Material to process →

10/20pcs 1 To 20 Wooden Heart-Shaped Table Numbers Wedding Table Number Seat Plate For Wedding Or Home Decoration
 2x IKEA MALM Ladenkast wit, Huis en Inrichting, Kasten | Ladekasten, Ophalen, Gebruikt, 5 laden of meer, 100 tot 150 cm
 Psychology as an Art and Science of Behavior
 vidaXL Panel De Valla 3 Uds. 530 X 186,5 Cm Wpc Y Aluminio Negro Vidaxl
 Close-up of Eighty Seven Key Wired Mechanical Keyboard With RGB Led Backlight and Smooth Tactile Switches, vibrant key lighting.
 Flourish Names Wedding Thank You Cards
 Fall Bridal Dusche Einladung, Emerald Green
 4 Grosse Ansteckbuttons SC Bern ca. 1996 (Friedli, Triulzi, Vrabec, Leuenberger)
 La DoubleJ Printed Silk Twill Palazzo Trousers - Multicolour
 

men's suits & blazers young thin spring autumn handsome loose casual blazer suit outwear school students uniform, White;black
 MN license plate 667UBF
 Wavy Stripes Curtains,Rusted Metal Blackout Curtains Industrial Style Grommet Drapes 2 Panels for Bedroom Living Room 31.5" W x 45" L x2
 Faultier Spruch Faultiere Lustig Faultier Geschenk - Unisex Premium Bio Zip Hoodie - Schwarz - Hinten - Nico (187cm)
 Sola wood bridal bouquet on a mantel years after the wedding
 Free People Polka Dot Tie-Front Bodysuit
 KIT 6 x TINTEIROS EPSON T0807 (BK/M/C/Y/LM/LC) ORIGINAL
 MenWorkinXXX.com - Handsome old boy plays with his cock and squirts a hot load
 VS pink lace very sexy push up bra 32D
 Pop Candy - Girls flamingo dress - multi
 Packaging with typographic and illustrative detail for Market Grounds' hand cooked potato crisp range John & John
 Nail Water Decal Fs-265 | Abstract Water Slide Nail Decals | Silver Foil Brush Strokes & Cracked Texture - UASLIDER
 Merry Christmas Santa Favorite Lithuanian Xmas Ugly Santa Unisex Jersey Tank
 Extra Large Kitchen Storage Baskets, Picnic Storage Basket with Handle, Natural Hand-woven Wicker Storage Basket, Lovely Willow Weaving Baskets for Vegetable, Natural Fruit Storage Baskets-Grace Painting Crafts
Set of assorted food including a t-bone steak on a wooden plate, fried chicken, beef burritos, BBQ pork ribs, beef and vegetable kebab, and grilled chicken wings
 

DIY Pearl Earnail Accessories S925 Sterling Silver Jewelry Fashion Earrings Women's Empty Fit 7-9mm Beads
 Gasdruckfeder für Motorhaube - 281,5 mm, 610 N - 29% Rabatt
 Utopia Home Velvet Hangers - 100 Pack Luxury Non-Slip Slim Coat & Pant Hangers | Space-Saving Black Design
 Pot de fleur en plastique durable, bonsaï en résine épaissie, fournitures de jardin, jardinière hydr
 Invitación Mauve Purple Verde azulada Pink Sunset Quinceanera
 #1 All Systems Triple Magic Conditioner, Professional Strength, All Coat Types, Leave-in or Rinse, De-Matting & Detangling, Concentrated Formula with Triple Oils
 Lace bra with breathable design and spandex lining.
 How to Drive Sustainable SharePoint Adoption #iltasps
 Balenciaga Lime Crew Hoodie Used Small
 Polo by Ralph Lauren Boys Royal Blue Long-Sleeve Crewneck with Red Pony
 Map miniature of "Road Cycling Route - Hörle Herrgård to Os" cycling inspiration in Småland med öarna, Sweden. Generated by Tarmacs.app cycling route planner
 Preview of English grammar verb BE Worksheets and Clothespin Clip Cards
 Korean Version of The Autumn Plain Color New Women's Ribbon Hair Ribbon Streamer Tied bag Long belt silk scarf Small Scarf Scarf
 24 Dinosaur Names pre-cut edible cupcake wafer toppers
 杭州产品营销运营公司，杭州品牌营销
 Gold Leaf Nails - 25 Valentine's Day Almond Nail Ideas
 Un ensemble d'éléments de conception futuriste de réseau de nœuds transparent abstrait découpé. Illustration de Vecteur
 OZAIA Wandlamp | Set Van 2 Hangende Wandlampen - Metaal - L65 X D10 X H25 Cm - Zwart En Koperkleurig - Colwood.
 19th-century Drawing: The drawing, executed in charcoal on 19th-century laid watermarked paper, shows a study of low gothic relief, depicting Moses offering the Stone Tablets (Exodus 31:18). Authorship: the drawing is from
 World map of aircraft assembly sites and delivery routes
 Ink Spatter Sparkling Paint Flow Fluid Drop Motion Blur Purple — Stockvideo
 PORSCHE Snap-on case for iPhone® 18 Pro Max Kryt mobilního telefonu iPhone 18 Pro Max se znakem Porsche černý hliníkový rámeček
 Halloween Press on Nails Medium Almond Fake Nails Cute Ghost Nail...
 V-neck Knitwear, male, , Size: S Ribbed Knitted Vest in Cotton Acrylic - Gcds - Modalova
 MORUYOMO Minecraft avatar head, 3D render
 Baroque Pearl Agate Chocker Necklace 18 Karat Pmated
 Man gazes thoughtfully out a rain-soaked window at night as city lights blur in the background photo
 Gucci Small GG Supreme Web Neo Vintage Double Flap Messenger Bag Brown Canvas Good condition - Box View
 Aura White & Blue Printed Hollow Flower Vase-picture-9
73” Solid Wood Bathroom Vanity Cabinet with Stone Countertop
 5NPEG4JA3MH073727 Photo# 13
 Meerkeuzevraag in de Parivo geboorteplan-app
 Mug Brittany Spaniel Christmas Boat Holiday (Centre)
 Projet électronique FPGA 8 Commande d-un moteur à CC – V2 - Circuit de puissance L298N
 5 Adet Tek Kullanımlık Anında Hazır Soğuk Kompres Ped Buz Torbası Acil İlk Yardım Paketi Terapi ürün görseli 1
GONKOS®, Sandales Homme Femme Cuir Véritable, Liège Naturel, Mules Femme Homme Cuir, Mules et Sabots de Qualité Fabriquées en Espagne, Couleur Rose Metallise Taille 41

What to produce → Print the records above once again, exactly as written.

Your solution →
10/20pcs 1 To 20 Wooden Heart-Shaped Table Numbers Wedding Table Number Seat Plate For Wedding Or Home Decoration
 2x IKEA MALM Ladenkast wit, Huis en Inrichting, Kasten | Ladekasten, Ophalen, Gebruikt, 5 laden of meer, 100 tot 150 cm
 Psychology as an Art and Science of Behavior
 vidaXL Panel De Valla 3 Uds. 530 X 186,5 Cm Wpc Y Aluminio Negro Vidaxl
 Close-up of Eighty Seven Key Wired Mechanical Keyboard With RGB Led Backlight and Smooth Tactile Switches, vibrant key lighting.
 Flourish Names Wedding Thank You Cards
 Fall Bridal Dusche Einladung, Emerald Green
 4 Grosse Ansteckbuttons SC Bern ca. 1996 (Friedli, Triulzi, Vrabec, Leuenberger)
 La DoubleJ Printed Silk Twill Palazzo Trousers - Multicolour
 

men's suits & blazers young thin spring autumn handsome loose casual blazer suit outwear school students uniform, White;black
 MN license plate 667UBF
 Wavy Stripes Curtains,Rusted Metal Blackout Curtains Industrial Style Grommet Drapes 2 Panels for Bedroom Living Room 31.5" W x 45" L x2
 Faultier Spruch Faultiere Lustig Faultier Geschenk - Unisex Premium Bio Zip Hoodie - Schwarz - Hinten - Nico (187cm)
 Sola wood bridal bouquet on a mantel years after the wedding
 Free People Polka Dot Tie-Front Bodysuit
 KIT 6 x TINTEIROS EPSON T0807 (BK/M/C/Y/LM/LC) ORIGINAL
 MenWorkinXXX.com - Handsome old boy plays with his cock and squirts a hot load
 VS pink lace very sexy push up bra 32D
 Pop Candy - Girls flamingo dress - multi
 Packaging with typographic and illustrative detail for Market Grounds' hand cooked potato crisp range John & John
 Nail Water Decal Fs-265 | Abstract Water Slide Nail Decals | Silver Foil Brush Strokes & Cracked Texture - UASLIDER
 Merry Christmas Santa Favorite Lithuanian Xmas Ugly Santa Unisex Jersey Tank
 Extra Large Kitchen Storage Baskets, Picnic Storage Basket with Handle, Natural Hand-woven Wicker Storage Basket, Lovely Willow Weaving Baskets for Vegetable, Natural Fruit Storage Baskets-Grace Painting Crafts
Set of assorted food including a t-bone steak on a wooden plate, fried chicken, beef burritos, BBQ pork ribs, beef and vegetable kebab, and grilled chicken wings
 

DIY Pearl Earnail Accessories S925 Sterling Silver Jewelry Fashion Earrings Women's Empty Fit 7-9mm Beads
 Gasdruckfeder für Motorhaube - 281,5 mm, 610 N - 29% Rabatt
 Utopia Home Velvet Hangers - 100 Pack Luxury Non-Slip Slim Coat & Pant Hangers | Space-Saving Black Design
 Pot de fleur en plastique durable, bonsaï en résine épaissie, fournitures de jardin, jardinière hydr
 Invitación Mauve Purple Verde azulada Pink Sunset Quinceanera
 #1 All Systems Triple Magic Conditioner, Professional Strength, All Coat Types, Leave-in or Rinse, De-Matting & Detangling, Concentrated Formula with Triple Oils
 Lace bra with breathable design and spandex lining.
 How to Drive Sustainable SharePoint Adoption #iltasps
 Balenciaga Lime Crew Hoodie Used Small
 Polo by Ralph Lauren Boys Royal Blue Long-Sleeve Crewneck with Red Pony
 Map miniature of "Road Cycling Route - Hörle Herrgård to Os" cycling inspiration in Småland med öarna, Sweden. Generated by Tarmacs.app cycling route planner
 Preview of English grammar verb BE Worksheets and Clothespin Clip Cards
 Korean Version of The Autumn Plain Color New Women's Ribbon Hair Ribbon Streamer Tied bag Long belt silk scarf Small Scarf Scarf
 24 Dinosaur Names pre-cut edible cupcake wafer toppers
 杭州产品营销运营公司，杭州品牌营销
 Gold Leaf Nails - 25 Valentine's Day Almond Nail Ideas
 Un ensemble d'éléments de conception futuriste de réseau de nœuds transparent abstrait découpé. Illustration de Vecteur
 OZAIA Wandlamp | Set Van 2 Hangende Wandlampen - Metaal - L65 X D10 X H25 Cm - Zwart En Koperkleurig - Colwood.
 19th-century Drawing: The drawing, executed in charcoal on 19th-century laid watermarked paper, shows a study of low gothic relief, depicting Moses offering the Stone Tablets (Exodus 31:18). Authorship: the drawing is from
 World map of aircraft assembly sites and delivery routes
 Ink Spatter Sparkling Paint Flow Fluid Drop Motion Blur Purple — Stockvideo
 PORSCHE Snap-on case for iPhone® 18 Pro Max Kryt mobilního telefonu iPhone 18 Pro Max se znakem Porsche černý hliníkový rámeček
 Halloween Press on Nails Medium Almond Fake Nails Cute Ghost Nail...
 V-neck Knitwear, male, , Size: S Ribbed Knitted Vest in Cotton Acrylic - Gcds - Modalova
 MORUYOMO Minecraft avatar head, 3D render
 Baroque Pearl Agate Chocker Necklace 18 Karat Pmated
 Man gazes thoughtfully out a rain-soaked window at night as city lights blur in the background photo
 Gucci Small GG Supreme Web Neo Vintage Double Flap Messenger Bag Brown Canvas Good condition - Box View
 Aura White & Blue Printed Hollow Flower Vase-picture-9
73” Solid Wood Bathroom Vanity Cabinet with Stone Countertop
 5NPEG4JA3MH073727 Photo# 13
 Meerkeuzevraag in de Parivo geboorteplan-app
 Mug Brittany Spaniel Christmas Boat Holiday (Centre)
 Projet électronique FPGA 8 Commande d-un moteur à CC – V2 - Circuit de puissance L298N
 5 Adet Tek Kullanımlık Anında Hazır Soğuk Kompres Ped Buz Torbası Acil İlk Yardım Paketi Terapi ürün görseli 1
GONKOS®, Sandales Homme Femme Cuir Véritable, Liège Naturel, Mules Femme Homme Cuir, Mules et Sabots de Qualité Fabriquées en Espagne, Couleur Rose Metallise Taille 41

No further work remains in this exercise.